What they neglected to tell younger, less-experienced (NAIVE) consumers is that 'housing' shouldn't mean simply 'the mortgage payment'; it should mean mortgage + insurance + maintenance + utilities and (probably) taxes. Add in those extra 'hidden' costs, and now you can only afford half of what you thought you could. The bankers just wanted to make the deal...ethics went out the window as they approved your loan and held the door as you stepped right in the danger zone.

I know many people say, "Now come on...these borrowers must have known what they were getting themselves into!" Some did but...many were preyed upon by the aggressive loan sharks hawking their low-interet arms, interest-only, and jumbo loans. Some banks that were even falsifying information (i.e. the pay history of the applicants) and purposely leaving out extremely important details of the loans. Believe was a contest for the banks and they were handsomely rewarded to sign up many unqualified buyers.
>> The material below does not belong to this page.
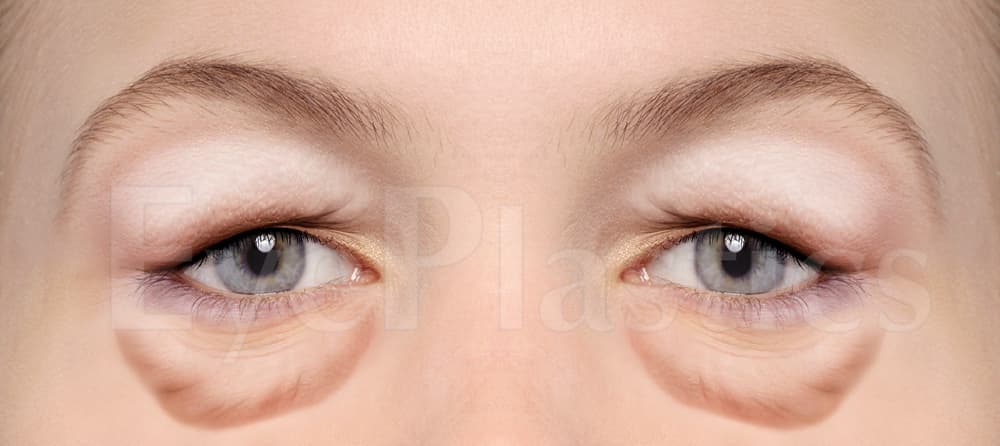 Four-lid blepharoplasty before and after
I'm not surprised the average American is in debt up to their eyeballs...the longer I read personal finance info, the more I realize that the average person seems to be perfectly fine if they can cover all of their monthly payments with their paycheck. Debt means nothing if you have enough for that oh-so-important monthly payment. Ugh.

Haha love that video.

@Holly - The standard 28% is based off of gross income but should really be net.

My parents bought their house in 1962. Back then ONLY one income was considered for qualifying for a home loan. These days, two incomes are considered. And so, is it any wonder that so many people are now losing their homes when one or the other spouse looses their job?
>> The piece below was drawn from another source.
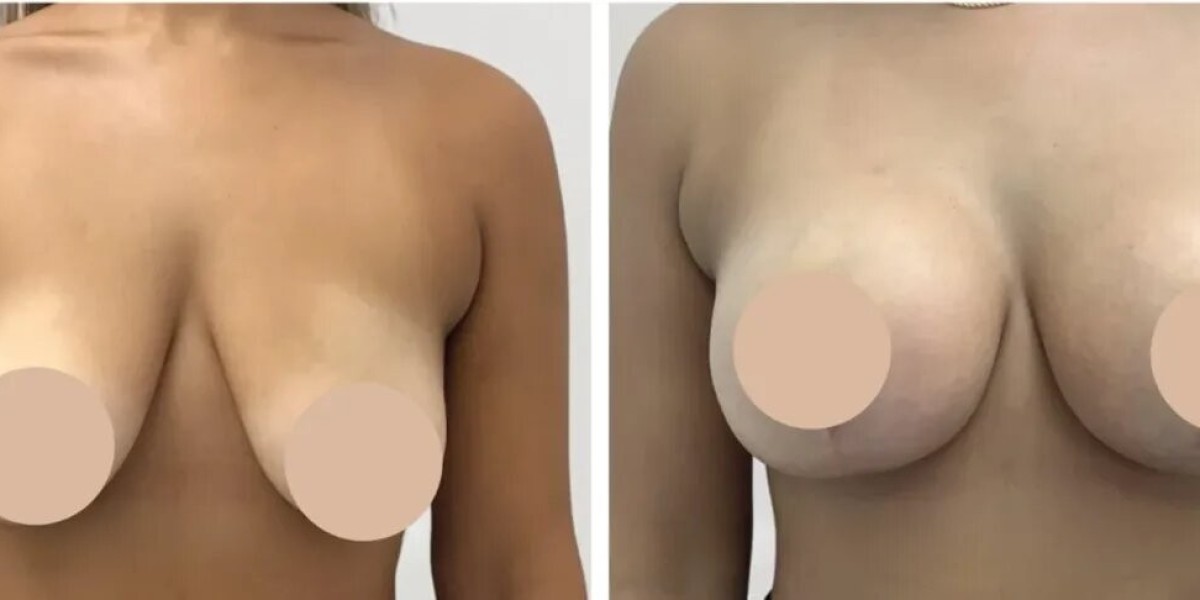 Get the Best Breast Reduction with Best Doctors in Dubai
My wife and I realized the mortgage companies weren't doing us any favor by offering to consider both incomes. We insisted that they only consider ONE income (even though we were both employed) to qualify. Today, we're in our mid 50's and OWN our 2600 sq.ft. home situated on 1.5 acres with a 1/2 acre pond stocked with catfish in the backyard! Paraphrased - we learned to live BELOW our means... try it... you'll like it!

Why do people feel they need to spend so much money? I read Dave Ramsey's book and learned nothing! I knew the principles and strategy of finances growing up in the family home. It was not because I was lectured by my parents, but rather I had one parent who understood how to build into us helping us to become complete and whole individuals at the core of who we are. I think most people spend money, because of deeper issues at the core of personal unfulfillment. They are weak in personal confidence and satisfaction as to who they are. You might watch too much TV and therefore hear to many commercials telling you to much garbage on what you need as well.

When I see women who never were the same clothes or shoes, it screams out to me that they have low confidence and low self esteem . They're confidence is propped up with attachments. Many guys struggle with driving the right looking car. They cars are props and stifle the real you from growing/developing personally.

I think a good place to start is to remind yourself that people love you just as you are. I do know some people who have the right car and who wear lots of different clothes and are truly whole at the core. Percentage wise they are not a very big percentage of the population and they just make alot of money to boot. I have no problem with that . . . but that success brings a whole new set of issues most people will never have to ponder.

Drive a clunker, were the same cool clothes very often and learn to burst at your personal core. You will like the results.

I don't think Ramsey's numbers are really "typical" since most families don't have all those debts.

Per the Survey of Consumer Finances 2007, looking at middle quintile income households:

15% of households have student loans.
35% have a car loan.
10% have 'other' loans.
46% carry a credit card balance.
46% of houses carry a mortgage.
24% have other lines of credit.

It is not "typical" for a family to have all of these forms of loans. Look at student loans. Only 15% of households in the middle 20% income group have any student loans.

This is a great way to break things down. I am definietly going thome tonight to figure out where I stand in relation so both of the examples above. However, I am still single and rent so I am not sure how close I should be to these numbers.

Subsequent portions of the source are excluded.